As mentioned previously, the species composition of lactobacilli was unique among individual. This must depend on bacterial sources, at which the infants could acquire for lactobacilli. The dominant species found in the exclusively breast-fed infant (B1-D infant) were L. crispatus and L. gasseri, whereas L. fermentum, L. crispatus, and L. gasseri were dominant species in the other (B1-E infant). This result is related to the composition of breastmilk microbiota, which functioned as a major and continuous source of beneficial bacteria to infants. In general, breastmilk contains a diverse population of bacteria depending on maternal gut microbiota and health status. Consequently, it also provided a postnatal microbial link as its high diversity of microbes could possibly contribute to infant microbial colonization [48]. Moreover, the shifts of infant gut bacterial community were associated with the proportion of breast-feeding in a dose-dependent manner [49].

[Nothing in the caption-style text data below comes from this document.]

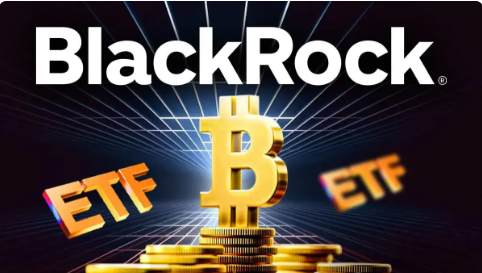 A promotional graphic featuring the text 'BlackRock' at the top, with a stack of gold Bitcoin coins in the center and 'ETF' text displayed on both sides against a retro grid background.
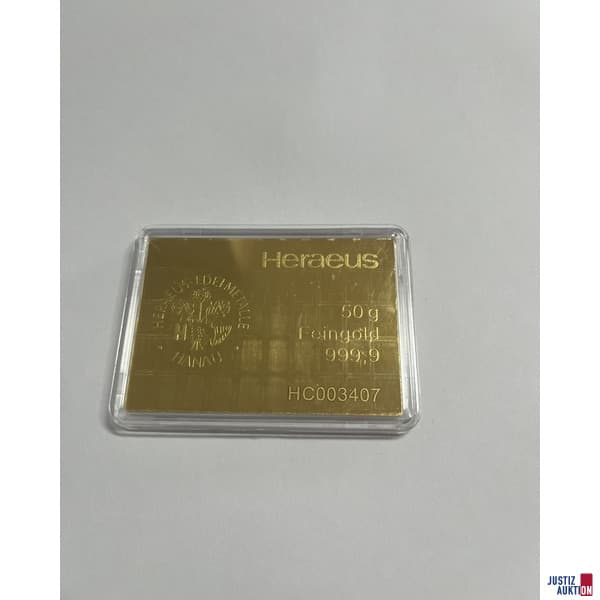 1 Heraeus Goldbarren 50 g aus 999,9 Feingold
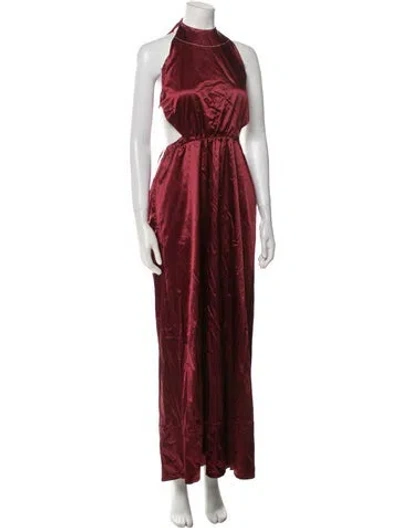 Pre-owned Staud Crew Neck Long Dress In Burgundy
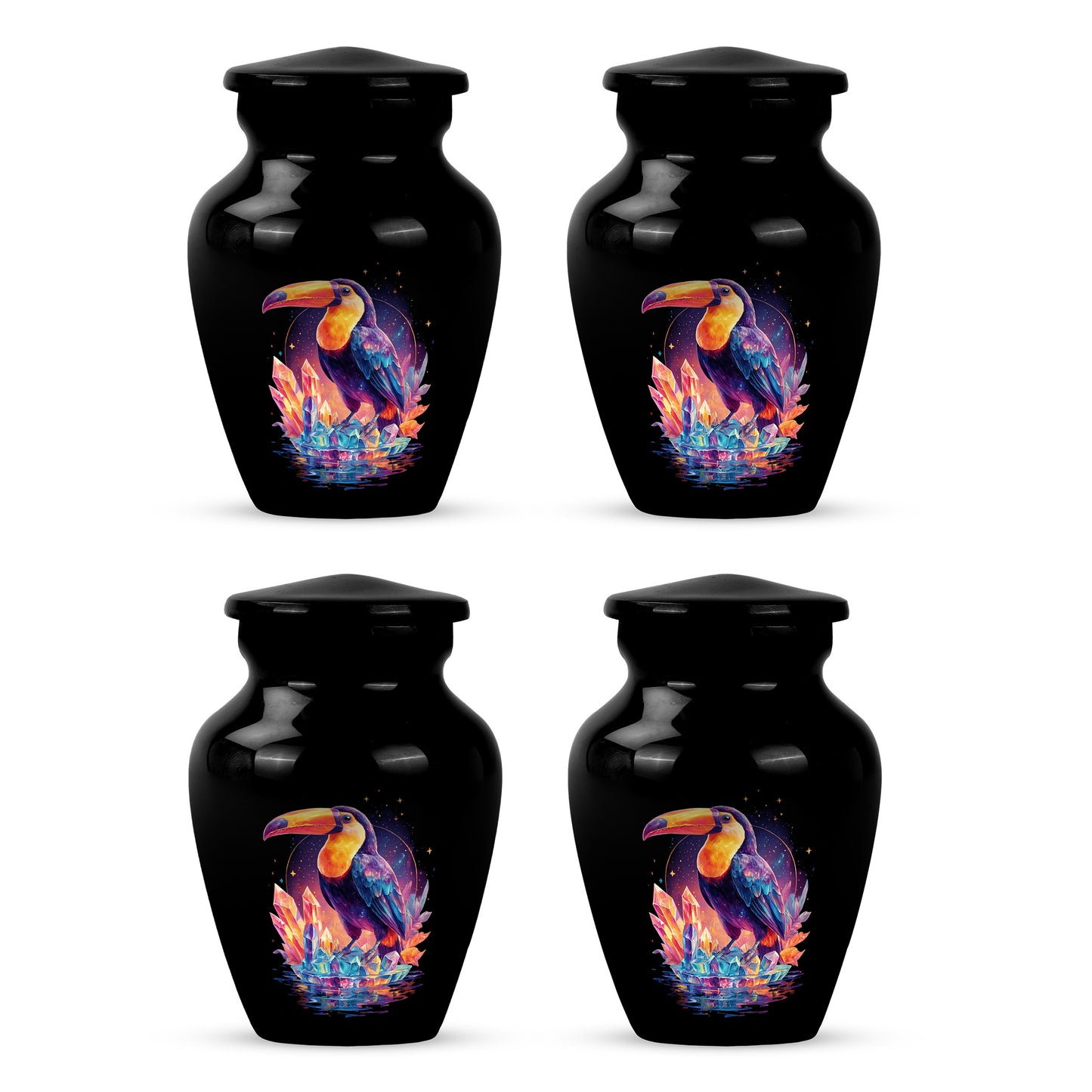 Deep Black Hornbill Cremation Urn side profile showing urn shape - timeless hornbill motif etched into premium metal - 10 inch aluminum urn for cremated remains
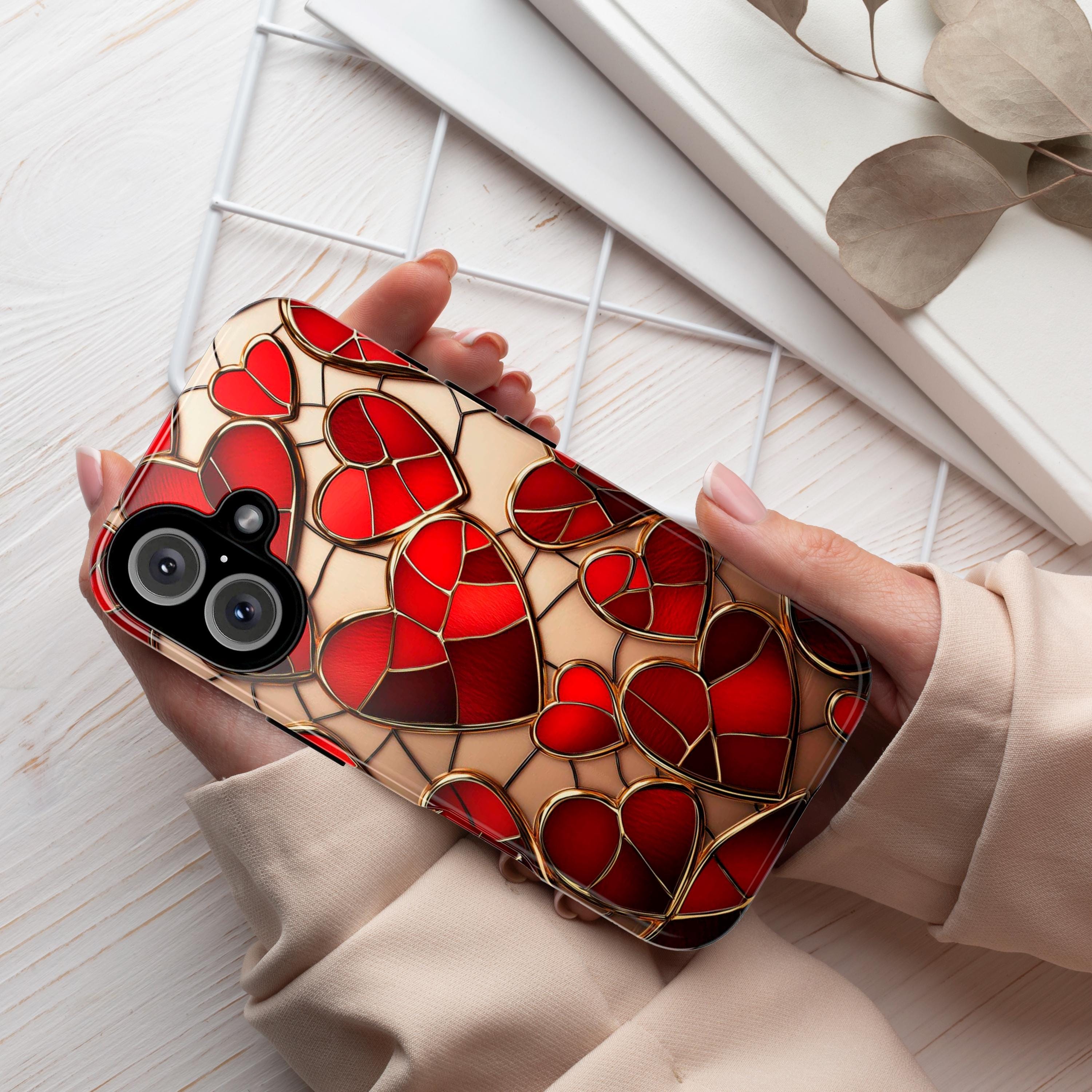 Stained Glass Red Hearts Phone Case - Romantic 3D Design, Perfect for Valentines Day Gift, Artistic Case for iPhone Magsafe, Samsung, 462.1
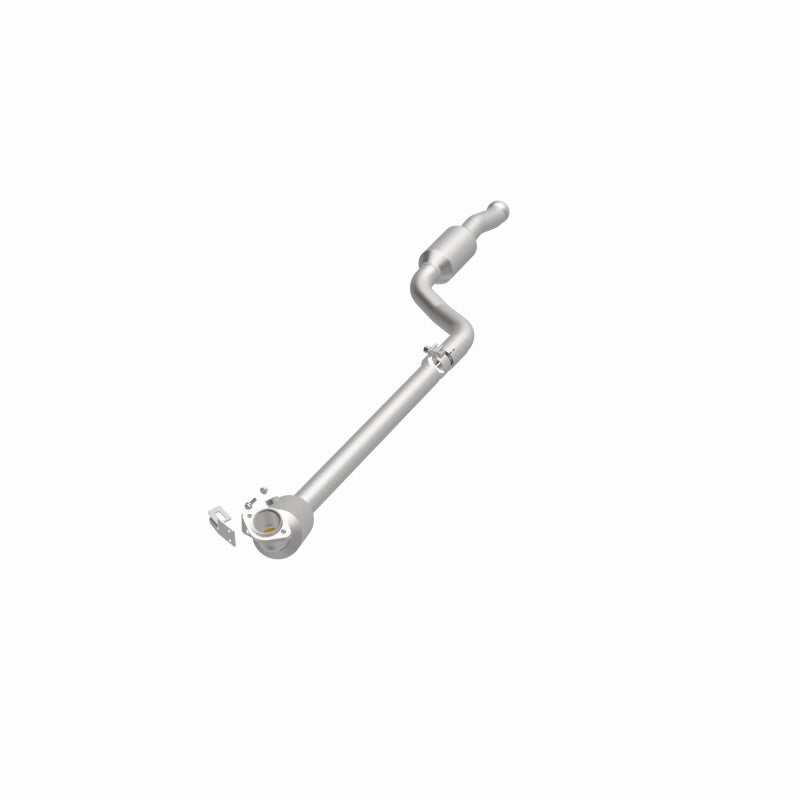 MagnaFlow 5561441 carb direct-fit catalytic converter, opposite front three-quarter view of the turntable spin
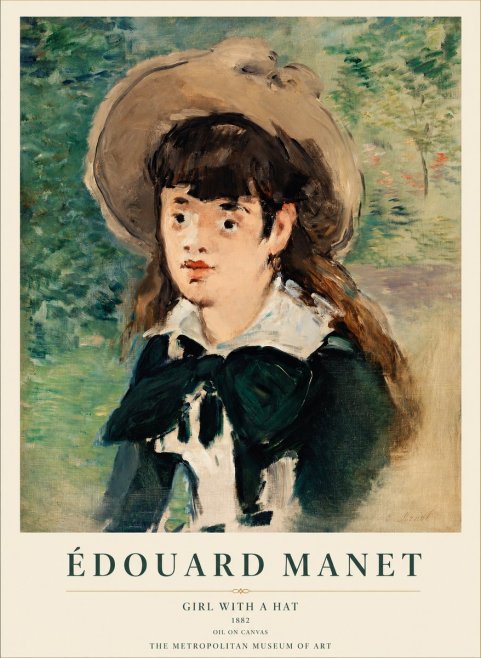 Édouard Manet Girl with a Hat No1 - Plakat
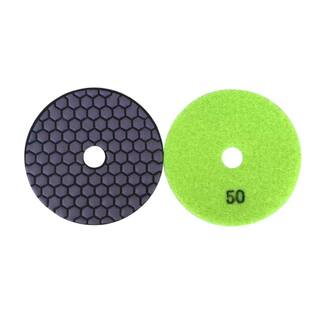 EDiamondTools 7 in. Dry Diamond Polishing Pad Set for Stone and Concrete (#50 to #3000 Grit) with Aluminum Backing Pad RDP7512481530A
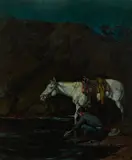 Olaf Wieghorst, Early Start, oil on canvas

The establishment of stable gut microbiota generally accompanied certain transitions that occurred soon after birth, during lactation and during weaning period, at which solid foods were introduced.[8]. However, this study demonstrated that many species, including L. plantarum, L. crispatus, L. rhamnosus, L. fermentum, L. paracasei, and L. gasseri, appeared at the first week after birth and constantly persisted thereafter even though the solid foods were introduced. They could also resume after antibiotic treatment and change of infant formula confirming the importance of early establishment at the first week of life. These permanent colonizers were likely true or indigenous species residing in infant gut. L. plantarum, L. acidophilus, L. gasseri and L. delbrueckii were the most frequently detected lactobacilli in breastmilk, which could be vertically passed to infants. Moreover, the infants receiving the combination feeding harbored multiple strains of L. plantarum compared with other infants. Likewise, multiple strains of L. gasseri and L. fermentum appeared to be enriched in both infants exclusively fed on FOS-GOS- and inulin-GOS-containing formulae. This provided preliminary information that breastmilk could be a major continuous supply for the indigenous strains of lactobacilli, while prebiotic ingredients sustained and nourished their abundance. This also depended on the ability of such strains to utilize the prebiotics available in either breastmilk or commercial infant formulae.

Conclusion

The rapid development of lactobacilli was noted in the infants with combination diets between breastmilk and infant prebiotic-supplementing formulae. Breast-feeding and combination feeding have promoting effect on growth and persistency of certain lactobacillus species in Thai healthy infants. These included L. plantarum, L. fermentum, L. crispatus, L. paracasei, and L. gasseri, which were dominant with multiple strains. They were most likely acquired from breastmilk, which constantly fed to infants. This preliminary result suggested the combination feeding could provide infants with potential indigenous lactobacillus species present in breastmilk, apart from natural prebiotic HMOs. Thus, breastmilk could be claimed as natural source of synbiotic component. Meanwhile, the prebiotic-supplementing infant formulae enhance and sustain their growth and persistency in infant gut. This preliminary result can lead to further investigation performing on larger group of Thai infants to confirm and support the efficacy of breastmilk, prebiotic, probiotic-containing diets in combination of breastmilk on the abundance and diversity of lactobacilli at the species level and to understand their influence on maintaining good gut bacterial profile once antibiotics are introduced.